- _What you are asked to do_: Print exactly those lines that run from the beginning of the data to the line bearing "Kids Dress Up", inclusive.

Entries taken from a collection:
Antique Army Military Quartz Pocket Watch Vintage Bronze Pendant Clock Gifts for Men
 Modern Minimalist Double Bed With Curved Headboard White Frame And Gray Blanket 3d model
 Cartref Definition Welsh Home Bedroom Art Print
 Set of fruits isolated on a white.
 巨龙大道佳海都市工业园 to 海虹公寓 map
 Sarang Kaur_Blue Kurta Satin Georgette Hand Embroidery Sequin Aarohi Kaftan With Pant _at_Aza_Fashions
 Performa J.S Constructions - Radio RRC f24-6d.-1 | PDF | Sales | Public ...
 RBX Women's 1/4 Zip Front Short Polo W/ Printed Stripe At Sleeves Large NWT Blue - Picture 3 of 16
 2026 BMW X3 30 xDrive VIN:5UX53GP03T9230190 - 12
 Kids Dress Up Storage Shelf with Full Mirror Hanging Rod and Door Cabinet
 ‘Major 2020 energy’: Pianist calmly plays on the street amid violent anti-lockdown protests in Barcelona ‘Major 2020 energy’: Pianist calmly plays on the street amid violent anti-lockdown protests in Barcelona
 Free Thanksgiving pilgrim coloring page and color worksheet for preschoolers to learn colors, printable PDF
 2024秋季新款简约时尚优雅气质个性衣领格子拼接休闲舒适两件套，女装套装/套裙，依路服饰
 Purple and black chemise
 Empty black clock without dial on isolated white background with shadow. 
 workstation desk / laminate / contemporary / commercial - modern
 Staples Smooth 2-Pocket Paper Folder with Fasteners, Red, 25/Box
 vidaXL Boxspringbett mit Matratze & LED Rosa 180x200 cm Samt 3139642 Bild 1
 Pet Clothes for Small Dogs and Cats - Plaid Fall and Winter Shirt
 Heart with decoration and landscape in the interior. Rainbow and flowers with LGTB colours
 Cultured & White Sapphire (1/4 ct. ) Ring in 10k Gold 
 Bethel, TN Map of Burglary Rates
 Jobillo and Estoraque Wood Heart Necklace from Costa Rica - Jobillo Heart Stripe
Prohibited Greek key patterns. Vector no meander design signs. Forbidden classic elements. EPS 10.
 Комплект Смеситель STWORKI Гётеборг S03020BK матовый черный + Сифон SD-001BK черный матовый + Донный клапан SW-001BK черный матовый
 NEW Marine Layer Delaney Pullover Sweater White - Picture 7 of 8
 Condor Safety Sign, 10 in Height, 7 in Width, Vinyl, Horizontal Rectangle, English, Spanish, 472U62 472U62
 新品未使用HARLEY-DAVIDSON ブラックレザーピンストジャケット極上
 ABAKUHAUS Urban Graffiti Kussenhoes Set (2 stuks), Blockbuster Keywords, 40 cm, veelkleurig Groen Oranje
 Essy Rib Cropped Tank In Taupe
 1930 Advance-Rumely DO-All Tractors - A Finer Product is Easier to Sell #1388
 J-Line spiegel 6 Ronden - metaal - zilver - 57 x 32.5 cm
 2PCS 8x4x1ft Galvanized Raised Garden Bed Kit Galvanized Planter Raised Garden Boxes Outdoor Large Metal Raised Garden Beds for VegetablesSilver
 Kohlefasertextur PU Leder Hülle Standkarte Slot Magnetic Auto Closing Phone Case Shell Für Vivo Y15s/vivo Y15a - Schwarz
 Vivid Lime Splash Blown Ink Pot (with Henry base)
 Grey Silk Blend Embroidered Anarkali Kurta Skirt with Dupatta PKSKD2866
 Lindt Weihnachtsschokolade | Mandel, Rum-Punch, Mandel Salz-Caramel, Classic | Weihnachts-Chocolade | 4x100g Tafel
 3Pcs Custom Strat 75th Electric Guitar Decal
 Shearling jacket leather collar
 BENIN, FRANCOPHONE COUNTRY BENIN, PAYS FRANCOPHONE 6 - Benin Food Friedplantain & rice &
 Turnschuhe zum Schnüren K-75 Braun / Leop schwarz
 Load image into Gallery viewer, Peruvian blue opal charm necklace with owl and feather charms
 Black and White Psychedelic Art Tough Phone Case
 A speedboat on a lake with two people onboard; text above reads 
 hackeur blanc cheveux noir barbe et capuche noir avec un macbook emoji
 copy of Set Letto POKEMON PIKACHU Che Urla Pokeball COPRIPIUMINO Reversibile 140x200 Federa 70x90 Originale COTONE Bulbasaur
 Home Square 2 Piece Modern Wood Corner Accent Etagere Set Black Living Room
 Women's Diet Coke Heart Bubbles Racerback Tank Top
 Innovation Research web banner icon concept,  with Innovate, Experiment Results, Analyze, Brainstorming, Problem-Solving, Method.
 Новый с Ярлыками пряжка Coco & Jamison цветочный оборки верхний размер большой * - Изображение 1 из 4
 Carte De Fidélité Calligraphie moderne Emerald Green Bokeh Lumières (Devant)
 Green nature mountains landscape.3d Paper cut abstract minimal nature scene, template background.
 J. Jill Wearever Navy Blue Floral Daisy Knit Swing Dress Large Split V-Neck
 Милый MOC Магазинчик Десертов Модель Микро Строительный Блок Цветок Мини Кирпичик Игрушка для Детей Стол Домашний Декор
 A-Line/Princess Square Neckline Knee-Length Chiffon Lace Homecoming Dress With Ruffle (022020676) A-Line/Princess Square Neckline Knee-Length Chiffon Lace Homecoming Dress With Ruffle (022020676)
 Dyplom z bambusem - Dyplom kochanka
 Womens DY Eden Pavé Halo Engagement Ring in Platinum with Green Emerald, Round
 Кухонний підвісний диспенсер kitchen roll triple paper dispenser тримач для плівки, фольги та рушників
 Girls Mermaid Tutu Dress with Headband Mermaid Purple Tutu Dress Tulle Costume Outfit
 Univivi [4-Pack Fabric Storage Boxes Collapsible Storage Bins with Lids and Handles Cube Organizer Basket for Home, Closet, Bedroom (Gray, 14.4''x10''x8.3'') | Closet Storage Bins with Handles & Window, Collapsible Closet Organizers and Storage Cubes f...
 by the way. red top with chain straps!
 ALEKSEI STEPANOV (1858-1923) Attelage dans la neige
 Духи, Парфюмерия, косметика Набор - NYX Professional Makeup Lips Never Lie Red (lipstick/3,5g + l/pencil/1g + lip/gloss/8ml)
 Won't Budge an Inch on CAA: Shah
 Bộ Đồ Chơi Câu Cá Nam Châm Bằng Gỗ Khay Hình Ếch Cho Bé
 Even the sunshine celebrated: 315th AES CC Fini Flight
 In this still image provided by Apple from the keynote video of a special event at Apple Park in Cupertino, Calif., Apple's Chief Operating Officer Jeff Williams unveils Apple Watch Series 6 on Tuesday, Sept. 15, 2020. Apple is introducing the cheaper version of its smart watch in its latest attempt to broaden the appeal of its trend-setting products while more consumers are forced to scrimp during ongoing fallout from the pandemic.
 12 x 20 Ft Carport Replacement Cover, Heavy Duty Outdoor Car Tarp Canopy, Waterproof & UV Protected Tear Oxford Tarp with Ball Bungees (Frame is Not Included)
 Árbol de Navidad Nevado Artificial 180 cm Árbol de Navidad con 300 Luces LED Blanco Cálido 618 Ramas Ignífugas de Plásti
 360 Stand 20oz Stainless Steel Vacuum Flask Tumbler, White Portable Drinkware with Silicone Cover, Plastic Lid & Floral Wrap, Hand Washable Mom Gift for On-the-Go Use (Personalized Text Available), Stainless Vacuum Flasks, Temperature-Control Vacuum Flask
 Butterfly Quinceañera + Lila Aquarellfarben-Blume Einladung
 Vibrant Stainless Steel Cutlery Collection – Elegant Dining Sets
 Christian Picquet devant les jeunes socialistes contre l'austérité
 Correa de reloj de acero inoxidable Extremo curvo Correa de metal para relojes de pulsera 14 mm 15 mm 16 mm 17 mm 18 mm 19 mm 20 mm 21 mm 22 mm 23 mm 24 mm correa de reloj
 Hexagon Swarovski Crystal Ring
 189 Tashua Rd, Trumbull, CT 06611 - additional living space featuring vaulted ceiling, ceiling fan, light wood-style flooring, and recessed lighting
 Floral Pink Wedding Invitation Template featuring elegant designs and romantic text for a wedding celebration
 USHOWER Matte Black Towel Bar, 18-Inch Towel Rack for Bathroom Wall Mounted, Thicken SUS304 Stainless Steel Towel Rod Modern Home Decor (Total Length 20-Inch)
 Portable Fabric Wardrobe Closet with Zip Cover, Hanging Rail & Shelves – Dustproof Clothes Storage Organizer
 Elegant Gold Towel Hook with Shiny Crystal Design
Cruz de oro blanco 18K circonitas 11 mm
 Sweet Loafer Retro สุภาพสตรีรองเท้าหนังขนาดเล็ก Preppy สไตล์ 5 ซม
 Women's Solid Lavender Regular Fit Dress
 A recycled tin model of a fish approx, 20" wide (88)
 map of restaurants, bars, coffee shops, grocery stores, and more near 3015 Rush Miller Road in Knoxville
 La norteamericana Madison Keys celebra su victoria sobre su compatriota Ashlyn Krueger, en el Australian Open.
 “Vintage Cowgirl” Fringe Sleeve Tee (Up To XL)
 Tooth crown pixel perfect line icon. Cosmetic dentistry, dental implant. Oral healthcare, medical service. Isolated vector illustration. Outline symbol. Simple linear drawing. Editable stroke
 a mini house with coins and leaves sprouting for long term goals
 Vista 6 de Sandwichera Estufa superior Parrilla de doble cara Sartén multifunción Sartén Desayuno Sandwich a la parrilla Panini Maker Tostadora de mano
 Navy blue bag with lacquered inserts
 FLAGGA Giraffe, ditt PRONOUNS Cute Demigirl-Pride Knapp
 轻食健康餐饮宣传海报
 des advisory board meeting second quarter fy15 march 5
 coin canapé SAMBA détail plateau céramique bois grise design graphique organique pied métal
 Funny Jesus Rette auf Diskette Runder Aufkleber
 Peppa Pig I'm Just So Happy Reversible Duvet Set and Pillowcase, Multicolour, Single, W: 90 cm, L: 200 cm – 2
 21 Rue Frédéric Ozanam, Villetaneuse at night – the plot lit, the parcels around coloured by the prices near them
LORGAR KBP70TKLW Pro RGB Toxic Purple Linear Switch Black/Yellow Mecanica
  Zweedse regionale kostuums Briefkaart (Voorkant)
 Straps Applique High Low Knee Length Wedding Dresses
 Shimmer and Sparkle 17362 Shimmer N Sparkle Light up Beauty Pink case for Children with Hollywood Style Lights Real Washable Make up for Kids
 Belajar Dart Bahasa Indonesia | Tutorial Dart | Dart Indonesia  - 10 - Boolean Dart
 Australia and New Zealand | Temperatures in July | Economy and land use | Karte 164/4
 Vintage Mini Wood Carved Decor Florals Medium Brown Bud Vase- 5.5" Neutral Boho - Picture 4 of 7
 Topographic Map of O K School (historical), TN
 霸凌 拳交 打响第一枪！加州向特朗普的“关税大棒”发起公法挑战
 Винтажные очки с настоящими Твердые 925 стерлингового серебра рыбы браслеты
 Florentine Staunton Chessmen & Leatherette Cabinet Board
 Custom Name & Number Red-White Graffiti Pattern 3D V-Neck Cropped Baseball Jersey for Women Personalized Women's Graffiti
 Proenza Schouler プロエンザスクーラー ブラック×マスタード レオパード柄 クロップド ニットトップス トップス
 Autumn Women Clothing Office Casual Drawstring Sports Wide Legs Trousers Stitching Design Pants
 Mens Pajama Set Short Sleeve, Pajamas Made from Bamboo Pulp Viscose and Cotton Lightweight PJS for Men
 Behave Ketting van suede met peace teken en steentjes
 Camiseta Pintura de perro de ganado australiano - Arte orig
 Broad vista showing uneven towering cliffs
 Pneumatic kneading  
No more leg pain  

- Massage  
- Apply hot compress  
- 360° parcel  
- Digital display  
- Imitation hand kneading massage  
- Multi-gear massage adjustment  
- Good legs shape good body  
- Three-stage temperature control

- _Response below_:
Antique Army Military Quartz Pocket Watch Vintage Bronze Pendant Clock Gifts for Men
 Modern Minimalist Double Bed With Curved Headboard White Frame And Gray Blanket 3d model
 Cartref Definition Welsh Home Bedroom Art Print
 Set of fruits isolated on a white.
 巨龙大道佳海都市工业园 to 海虹公寓 map
 Sarang Kaur_Blue Kurta Satin Georgette Hand Embroidery Sequin Aarohi Kaftan With Pant _at_Aza_Fashions
 Performa J.S Constructions - Radio RRC f24-6d.-1 | PDF | Sales | Public ...
 RBX Women's 1/4 Zip Front Short Polo W/ Printed Stripe At Sleeves Large NWT Blue - Picture 3 of 16
 2026 BMW X3 30 xDrive VIN:5UX53GP03T9230190 - 12
 Kids Dress Up Storage Shelf with Full Mirror Hanging Rod and Door Cabinet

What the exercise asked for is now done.